EXPOSÉ DES MOTIFS
Mesdames, Messieurs,
L'intelligence artificielle générative fait l'objet de dérives alarmantes, notamment à travers son utilisation pour créer des contenus pédocriminels.
Les auteurs et consommateurs de contenus pédocriminels ont recours aux outils d'IA pour générer des textes, photos et vidéos d'exploitation sexuelle des enfants, par exemple des applications de déshabillage (« nudify apps »), ou des modèles d'IA générative open source qu'ils modifient et détournent pour leur faire créer des contenus pédocriminels.
Les risques posés par la manipulation de cette technologie sont renforcés par des pratiques du grand public trop peu protectrices du droit à l'image et à la vie privée des enfants. Notamment, le « sharenting » (aussi nommé « surpartage parental ») est une cause de l'exploitation des images des enfants sur les plateformes numériques. Même si les parents exposent leurs enfants sur des comptes privés, les pédocriminels se cachent souvent au sein même du cercle familial. L'enjeu est de faire comprendre aux parents, au travers de ce renforcement de la législation, que l'environnement numérique présente les mêmes risques que le monde réel.

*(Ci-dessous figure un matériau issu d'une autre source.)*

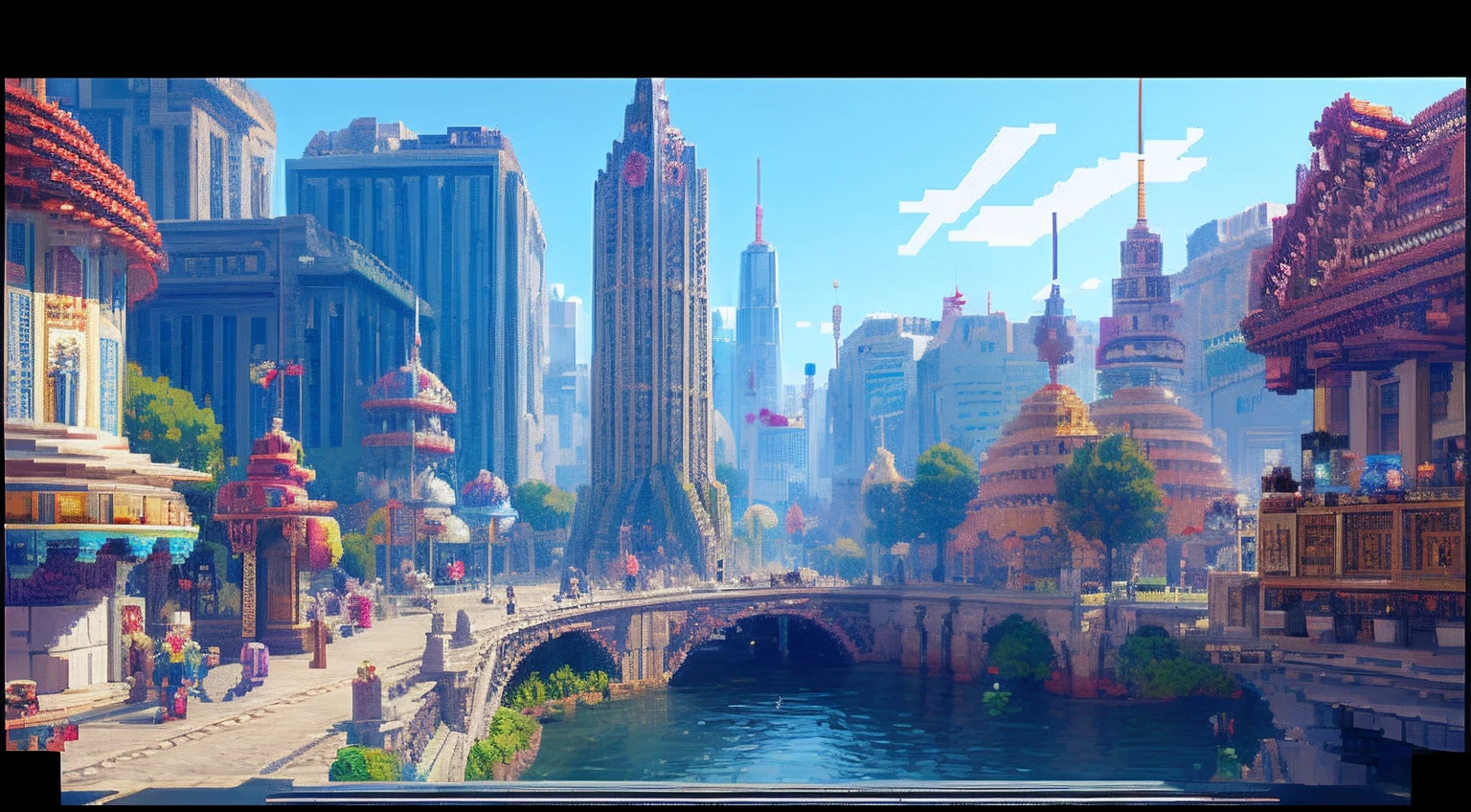 pixel game,scenography,fantastical scenes,Space City,levitating, Pixel art #pixelart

Les pédocriminels ciblent en priorité les plateformes très fréquentées par les jeunes, telles que les réseaux sociaux et les jeux en ligne. Ils utilisent des méthodes de manipulation de plus en plus sophistiquées, rendant leurs agissements difficiles à détecter. L'utilisation abusive de l'intelligence artificielle est déjà une réalité tangible, qui exige une approche proactive pour maintenir une longueur d'avance et protéger les limites éthiques.
Dans ce contexte, la rapidité des avancées technologiques impose une mise à jour régulière des réglementations. Il devient essentiel de créer, réviser et actualiser les lois rapidement, en s'appuyant sur une coopération cohérente entre les législateurs, les forces de l'ordre et les entreprises technologiques.

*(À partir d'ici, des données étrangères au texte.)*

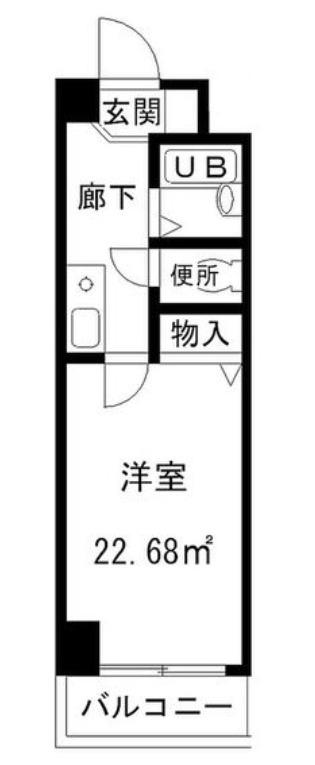 中之島アンフィニ(1K/8階)の間取り写真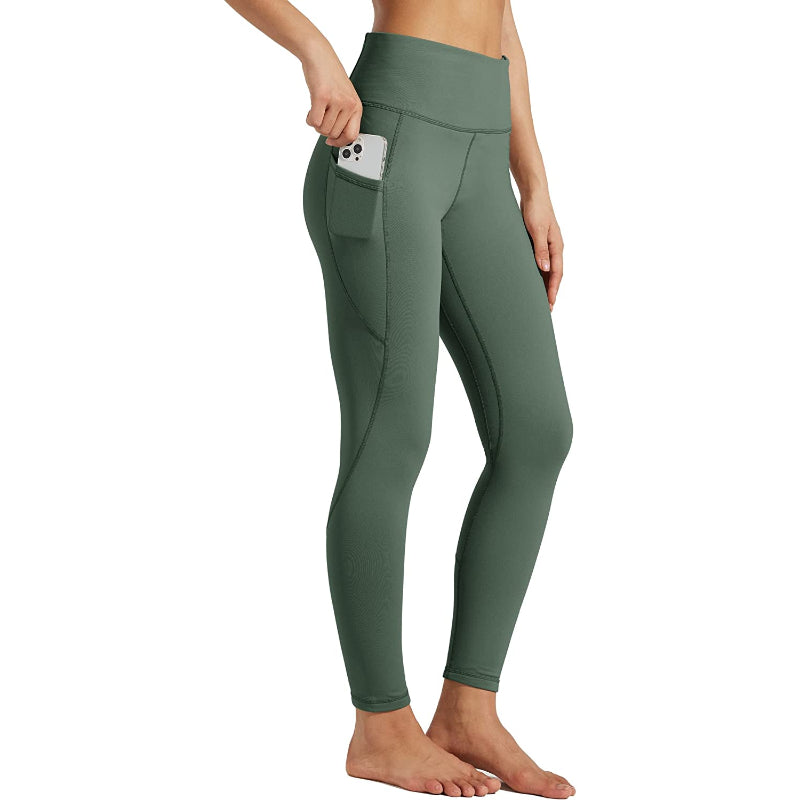 Women's Fleece Lined Leggings Thermal Winter Yoga Pants Warm Running Tights With Pockets-Legletic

Le code pénal français permet déjà de sanctionner la détention et la transmission d'images générées par l'IA représentant des mineurs de moins de quinze ans (article 227-23). Cependant, des lacunes juridiques demeurent concernant les auteurs de ces contenus. Ces derniers ne peuvent être poursuivis que pour la possession de représentations à caractère sexuel d'enfants, et non pas pour la création de tels contenus. Par ailleurs, le code pénal français ne permet pas non plus d'incriminer le fait de créer et de mettre à disposition des modèles d'IA générative modifiés dans le but de créer des contenus pédocriminels.
Il est donc impératif de pénaliser la création et la mise à disposition de modèles d'IA destinés à générer des contenus pédocriminels. Une réponse législative claire est nécessaire pour sanctionner ces actes qui alimentent un marché illégal tout en contournant les lois existantes. Ce renforcement juridique contribuerait à combler les lacunes actuelles et à mieux protéger les enfants face à ces menaces.

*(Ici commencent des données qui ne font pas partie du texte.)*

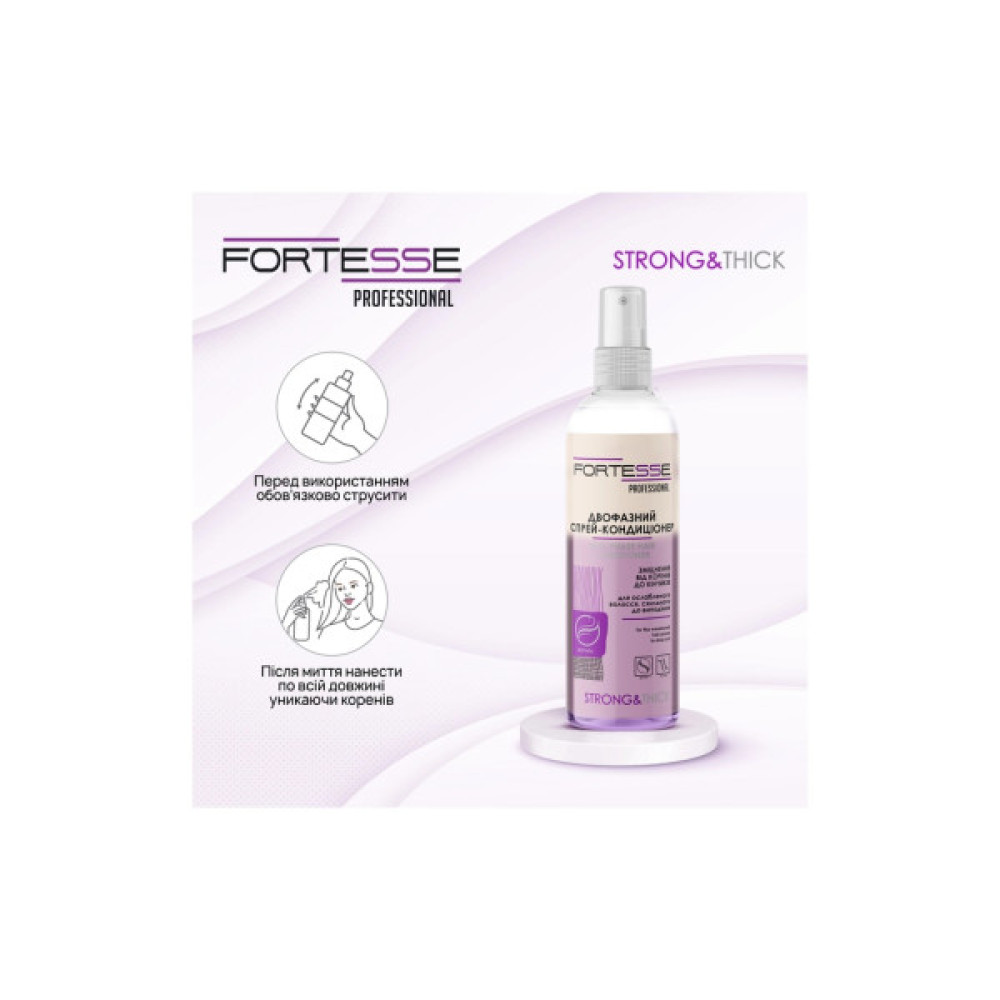 Кондиціонер для волосся Fortesse Professional Strong & Thick Двофазний зміцнювальний Для ослабленого волосся 250 мл (4823115501554)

Les institutions internationales, telles que l'OCDE, les Nations unies, l'Union internationale des télécommunications (UIT) et le Sommet mondial de l'IA, ont déjà pris des mesures significatives pour encadrer l'IA générative. Par exemple, l'OCDE a révisé en 2024 ses principes sur l'IA pour intégrer des mécanismes de neutralisation sécurisée des systèmes nuisibles, tandis que des initiatives privées comme le programme « Lantern » illustrent des collaborations concrètes pour traiter des problématiques sensibles.
Face à ces avancées, la France ne doit pas prendre de retard et doit s'intégrer pleinement dans cette dynamique internationale pour apporter une réponse coordonnée à toutes les échelles sur les enjeux liés à l'IA générative.
À long terme, une fois une législation mise en oeuvre, il est crucial d'inciter les autorités à entreprendre des politiques publiques de prévention et de sensibilisation, notamment par des actions de communication et un soutien accru à la parentalité. Ces initiatives visent à responsabiliser les parents en tant que personnes référentes de confiance sur ces questions essentielles pour la protection des enfants.
C'est pourquoi nous proposons, sur la base du rapport précis et détaillé de la Fondation pour l'Enfance, la modification de l'article 227-23 du code pénal, et la création d'un article dans la section 5 du chapitre 6 du même code.